最高裁「審理分かりづらい」 裁判員の無罪破棄確定へ
産経ニュース 2014.3.12 18:39
トルコから覚醒剤を密輸したとして、覚せい剤取締法違反(営利目的輸入)などの罪に問われたイラン国籍の無職、アブディ・スマイル被告(45)について、最高裁第1小法廷(横田尤孝(ともゆき)裁判長)は、被告側の上告を棄却する決定をした。横田裁判長は補足意見で「1審が不合理な判断をした原因は、公判前の争点整理が不適切で審理全体が分かりづらくなったためだ」と指摘した。
決定は10日付。アブディ被告を無罪とした1審大阪地裁の裁判員裁判判決を破棄、審理を地裁に差し戻した2審大阪高裁判決が確定する。今後、裁判員を選び直して審理が行われることになる。

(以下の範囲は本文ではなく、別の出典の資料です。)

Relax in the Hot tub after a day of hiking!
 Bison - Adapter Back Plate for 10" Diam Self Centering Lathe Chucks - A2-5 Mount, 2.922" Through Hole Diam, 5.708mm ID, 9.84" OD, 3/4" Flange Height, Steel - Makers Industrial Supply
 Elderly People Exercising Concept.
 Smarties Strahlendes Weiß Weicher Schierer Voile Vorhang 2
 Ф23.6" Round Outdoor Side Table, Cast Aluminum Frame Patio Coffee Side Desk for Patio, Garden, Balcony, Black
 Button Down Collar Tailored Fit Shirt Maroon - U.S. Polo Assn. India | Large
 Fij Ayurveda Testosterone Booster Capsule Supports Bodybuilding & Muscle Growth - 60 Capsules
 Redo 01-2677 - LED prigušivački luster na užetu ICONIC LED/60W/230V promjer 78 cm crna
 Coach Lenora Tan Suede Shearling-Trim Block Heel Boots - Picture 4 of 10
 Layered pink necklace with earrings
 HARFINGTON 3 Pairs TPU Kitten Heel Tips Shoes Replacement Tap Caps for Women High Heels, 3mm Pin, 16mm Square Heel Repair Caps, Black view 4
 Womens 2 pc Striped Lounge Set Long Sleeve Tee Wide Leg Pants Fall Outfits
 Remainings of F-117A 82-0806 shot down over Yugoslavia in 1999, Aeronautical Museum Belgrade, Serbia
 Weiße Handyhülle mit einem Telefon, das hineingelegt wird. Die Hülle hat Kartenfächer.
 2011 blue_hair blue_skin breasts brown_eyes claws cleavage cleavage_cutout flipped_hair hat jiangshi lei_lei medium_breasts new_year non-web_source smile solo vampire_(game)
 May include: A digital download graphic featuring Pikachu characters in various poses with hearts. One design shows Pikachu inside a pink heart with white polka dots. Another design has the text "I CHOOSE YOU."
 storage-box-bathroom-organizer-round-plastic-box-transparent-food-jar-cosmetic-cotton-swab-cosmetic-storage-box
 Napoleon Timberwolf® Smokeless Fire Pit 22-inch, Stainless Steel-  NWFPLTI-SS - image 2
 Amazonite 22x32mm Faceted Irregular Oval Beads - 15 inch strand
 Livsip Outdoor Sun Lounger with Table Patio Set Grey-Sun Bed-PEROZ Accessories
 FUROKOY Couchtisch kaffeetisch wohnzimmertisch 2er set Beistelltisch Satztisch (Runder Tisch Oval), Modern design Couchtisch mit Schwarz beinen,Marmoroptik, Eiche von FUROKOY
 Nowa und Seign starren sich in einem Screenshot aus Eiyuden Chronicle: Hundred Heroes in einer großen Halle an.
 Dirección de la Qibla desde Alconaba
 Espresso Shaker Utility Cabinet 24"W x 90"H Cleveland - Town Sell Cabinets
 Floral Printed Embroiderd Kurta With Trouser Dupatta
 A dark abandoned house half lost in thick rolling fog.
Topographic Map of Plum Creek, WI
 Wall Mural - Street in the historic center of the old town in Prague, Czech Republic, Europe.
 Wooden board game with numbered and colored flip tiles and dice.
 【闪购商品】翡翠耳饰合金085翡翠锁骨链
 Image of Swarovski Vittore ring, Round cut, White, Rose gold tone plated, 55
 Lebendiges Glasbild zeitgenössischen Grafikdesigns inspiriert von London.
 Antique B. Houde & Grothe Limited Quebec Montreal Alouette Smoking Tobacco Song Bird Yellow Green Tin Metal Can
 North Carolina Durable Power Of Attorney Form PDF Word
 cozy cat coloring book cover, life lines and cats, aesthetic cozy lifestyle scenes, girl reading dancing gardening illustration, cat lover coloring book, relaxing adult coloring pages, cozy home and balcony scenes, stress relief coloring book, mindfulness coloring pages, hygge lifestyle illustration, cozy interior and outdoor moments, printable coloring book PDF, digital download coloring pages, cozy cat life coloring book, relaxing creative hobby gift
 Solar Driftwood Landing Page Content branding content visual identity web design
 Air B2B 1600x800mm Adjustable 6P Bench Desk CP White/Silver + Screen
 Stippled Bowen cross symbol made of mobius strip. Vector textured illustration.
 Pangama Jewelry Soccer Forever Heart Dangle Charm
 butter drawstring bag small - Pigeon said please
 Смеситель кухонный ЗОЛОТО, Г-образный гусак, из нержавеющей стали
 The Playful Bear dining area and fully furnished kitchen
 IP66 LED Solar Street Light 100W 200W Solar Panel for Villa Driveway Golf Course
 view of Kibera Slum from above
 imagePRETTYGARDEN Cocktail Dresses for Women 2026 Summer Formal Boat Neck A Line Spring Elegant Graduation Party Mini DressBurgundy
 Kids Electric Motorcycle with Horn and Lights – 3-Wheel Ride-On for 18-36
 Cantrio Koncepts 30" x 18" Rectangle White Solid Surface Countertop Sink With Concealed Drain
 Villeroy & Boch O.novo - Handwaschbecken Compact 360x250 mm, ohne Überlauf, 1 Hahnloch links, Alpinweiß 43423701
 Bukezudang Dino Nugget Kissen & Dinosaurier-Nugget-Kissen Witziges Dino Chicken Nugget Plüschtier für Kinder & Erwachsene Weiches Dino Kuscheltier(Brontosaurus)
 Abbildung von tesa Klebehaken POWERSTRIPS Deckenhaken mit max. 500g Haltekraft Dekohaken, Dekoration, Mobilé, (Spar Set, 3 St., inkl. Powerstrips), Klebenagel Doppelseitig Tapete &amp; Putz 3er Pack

横田裁判長は1審の公判前整理手続きについて「判断の分かれ目を意識した争点整理を行わなかった」と指摘。公判では漫然と主張・立証が行われ「裁判員が法廷で見聞きしただけで理解できる審理計画だったか疑問に残る」とした。
その上で、間もなく施行から丸5年を迎える裁判員制度を定着させるため、法曹三者に分かりやすい審理に向けた工夫と努力を求めた。
アブディ被告は日本人の男ら数人と共謀し、平成21年7月、覚醒剤約4キロが入ったスーツケースを関西空港に密輸したとして起訴された。
1審は関係者の通話記録などから、被告に密輸を指示されたとする男の証言は信用性が低いなどとして共謀を否定、無罪を言い渡した。
2審は、通話内容の多くは密輸に関する連絡であることが強く推認されるなどとして、1審を破棄。最高裁も「1審の認定が経験則に照らして不合理であることを具体的に示している」として2審を支持した。